After an Executor gets appointed in an Estate, the Executor must fulfill his duties by timely marshalling of all assets, paying all known creditors and distributing the remaining money to beneficiaries. While this is what is supposed to happen, quite often it does not.
When should you petition the court to compel an Accounting by an Executor? You can do so when you believe that Executor has withheld information, or has engaged in some sort of wrongdoing (such as self-dealing or asset mismanagement). Stealing funds from the estate, selling estate property for an artificially low price, or not distributing any money for years are all good reasons to petition the court.
Who may petition the court to compel an accounting? SPCA 2205 lists individuals and entities who may petition. These include, among others: creditors, beneficiaries of the estate, fiduciaries of deceased beneficiaries, or successor fiduciaries after original letters of Administration have been revoked from the original one.

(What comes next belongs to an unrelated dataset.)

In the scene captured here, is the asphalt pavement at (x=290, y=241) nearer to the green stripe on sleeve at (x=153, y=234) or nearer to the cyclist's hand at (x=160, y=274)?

What is accounting by the Executor? It is a document prepared by the fiduciary to account for how the assets of the estate have been and will be used. Fiduciary must provide information about all decedent’s assets that came into the estate, any income that has come into the estate, all expenditures made – including administrative expenses and distributions, set forth any paid and unpaid creditor’s claims and provide a schedule for how the remaining assets will be distributed. The statutes that govern accountings include SCPA 2208 (voluntary), SCPA 2206 (compelled by an interested party), or SCPA 2205 (court ordered).
What must you do to petition the court? You need to prepare and file a Petition to Compel an Accounting. In addition, you should include supporting documents, such as affidavits, that provide information about the reasons why you believe an accounting is necessary. In the petition, you will need to list all the people that are entitled to notice of this proceeding. In addition, you should list any additional relief requested from the Court, such as removal of the original Executor and appointment of a Successor. Once all information is property submitted, the Court will issue a Citation and provide a return date. You will then need to have the Citation serviced on all parties named on the citation, and file an Affidavit of Service with the Court.
What happens at the return date? The Court will first check to see that all the parties entitled to be served with the Citation were actually served (jurisdiction is complete). Afterwards, the Court may schedule a conference between the parties (which may be held the same day) to see if a stipulation agreement can be reached. Alternatively, the Court may order an accounting by the fiduciary. The Executor must comply with the order or with stipulation, and provide an accounting in a timely manner that is specifically set by the Court. If the Fiduciary fails to do so, the Court will hold the fiduciary in Contempt and may remove and/or sanction them.